Creativity is considered quite a desirable commodity in our contemporary culture. Creativity – economists and government officials maintain – is necessary to innovate, and innovation leads to economic prosperity. Yet, what does it mean to be creative? What are creative products?
The creative industries is a dynamic and complex field that changes rapidly due to globalisation and the continual development of new and exciting technologies. At Radboud University we look at many areas of the creative industry, such as:
- Fashion: Fashion is a commercial, creative and cultural industry producing and consuming material objects like textile and garments, but also more immaterial values like trends, images, meaning, desire, experience and (beauty) ideals. The glamour of fashion may lure us, but it is the most polluting industry after the oil industry. The field is dominated by incredible speed, rapid turnover, and high waste. Can the fashion industry retain its glamour, but become more sustainable?
- Media: The contemporary mediascape is dominated by global conglomerates that own companies in various industries, such as film studios, theme parks, television networks, sports and news channels, record labels, publishing houses and game developers. As a result, the industry has transformed into a cultural economy where only six ‘media giants' - including Disney and Time Warner - control 90% of everything we read, watch or listen to.
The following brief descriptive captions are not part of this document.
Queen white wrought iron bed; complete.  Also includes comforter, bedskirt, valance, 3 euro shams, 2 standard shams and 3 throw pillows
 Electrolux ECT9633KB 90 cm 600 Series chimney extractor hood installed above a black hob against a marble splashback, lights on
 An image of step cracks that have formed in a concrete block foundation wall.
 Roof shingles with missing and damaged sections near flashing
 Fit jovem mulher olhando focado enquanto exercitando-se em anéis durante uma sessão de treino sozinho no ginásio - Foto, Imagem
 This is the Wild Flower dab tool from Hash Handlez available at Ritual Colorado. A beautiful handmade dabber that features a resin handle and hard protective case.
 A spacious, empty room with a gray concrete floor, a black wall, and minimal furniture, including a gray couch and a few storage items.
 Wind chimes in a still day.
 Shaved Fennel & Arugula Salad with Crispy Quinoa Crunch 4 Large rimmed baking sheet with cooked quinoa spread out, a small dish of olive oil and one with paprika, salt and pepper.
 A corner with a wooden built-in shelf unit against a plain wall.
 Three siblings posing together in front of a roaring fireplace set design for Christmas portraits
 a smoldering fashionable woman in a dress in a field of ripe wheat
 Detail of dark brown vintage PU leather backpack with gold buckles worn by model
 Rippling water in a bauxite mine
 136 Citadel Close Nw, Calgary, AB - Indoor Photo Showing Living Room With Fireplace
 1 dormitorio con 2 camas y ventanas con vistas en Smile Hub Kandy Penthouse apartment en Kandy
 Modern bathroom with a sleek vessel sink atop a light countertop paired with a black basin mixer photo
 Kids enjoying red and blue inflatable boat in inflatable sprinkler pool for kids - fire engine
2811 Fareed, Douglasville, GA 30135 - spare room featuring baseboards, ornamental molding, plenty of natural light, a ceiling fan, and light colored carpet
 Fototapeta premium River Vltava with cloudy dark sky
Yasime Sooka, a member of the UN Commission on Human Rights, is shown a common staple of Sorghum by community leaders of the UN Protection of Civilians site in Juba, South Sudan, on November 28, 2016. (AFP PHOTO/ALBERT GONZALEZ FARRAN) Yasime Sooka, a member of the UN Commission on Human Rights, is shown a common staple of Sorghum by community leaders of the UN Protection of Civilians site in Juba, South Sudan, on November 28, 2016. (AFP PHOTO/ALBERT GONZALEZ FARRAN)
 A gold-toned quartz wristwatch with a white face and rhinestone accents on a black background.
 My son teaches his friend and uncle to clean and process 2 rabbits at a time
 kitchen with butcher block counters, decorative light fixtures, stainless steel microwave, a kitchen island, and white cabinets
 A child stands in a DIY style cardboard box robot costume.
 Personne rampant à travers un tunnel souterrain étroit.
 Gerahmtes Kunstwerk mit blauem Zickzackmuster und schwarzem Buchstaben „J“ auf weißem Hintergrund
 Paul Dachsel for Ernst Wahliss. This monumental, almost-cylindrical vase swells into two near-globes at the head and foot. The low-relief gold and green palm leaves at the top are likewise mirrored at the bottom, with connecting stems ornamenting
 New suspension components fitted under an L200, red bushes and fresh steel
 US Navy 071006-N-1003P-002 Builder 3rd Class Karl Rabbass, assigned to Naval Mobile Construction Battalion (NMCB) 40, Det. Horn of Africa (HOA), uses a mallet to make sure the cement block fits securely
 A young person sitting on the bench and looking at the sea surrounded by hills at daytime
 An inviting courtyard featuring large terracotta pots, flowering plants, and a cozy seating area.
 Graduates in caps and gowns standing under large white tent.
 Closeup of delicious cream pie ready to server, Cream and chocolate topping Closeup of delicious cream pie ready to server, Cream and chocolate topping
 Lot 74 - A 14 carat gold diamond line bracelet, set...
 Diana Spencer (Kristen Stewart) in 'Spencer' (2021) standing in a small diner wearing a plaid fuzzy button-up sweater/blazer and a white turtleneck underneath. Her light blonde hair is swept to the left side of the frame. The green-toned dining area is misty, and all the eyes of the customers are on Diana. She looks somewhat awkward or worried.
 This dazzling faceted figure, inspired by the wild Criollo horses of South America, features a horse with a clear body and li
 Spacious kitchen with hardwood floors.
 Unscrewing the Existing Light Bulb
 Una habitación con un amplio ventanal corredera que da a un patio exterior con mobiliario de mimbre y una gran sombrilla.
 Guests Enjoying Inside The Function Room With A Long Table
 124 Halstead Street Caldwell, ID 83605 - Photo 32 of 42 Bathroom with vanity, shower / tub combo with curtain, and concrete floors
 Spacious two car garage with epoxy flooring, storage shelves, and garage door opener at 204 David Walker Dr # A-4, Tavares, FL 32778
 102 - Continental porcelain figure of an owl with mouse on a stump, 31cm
We will look at how the media industry shapes both the form and the content of contemporary media productions.
- Education: Creativity and the so-called ‘21st Century Skills' in education are skills that are important for contemporary post-industrial societies. It is also people’s urge to learn and increase their ‘cultural intellect’ is also used to promote products. For examples, museums are becoming a lot more interactive to help visitors understand their content better.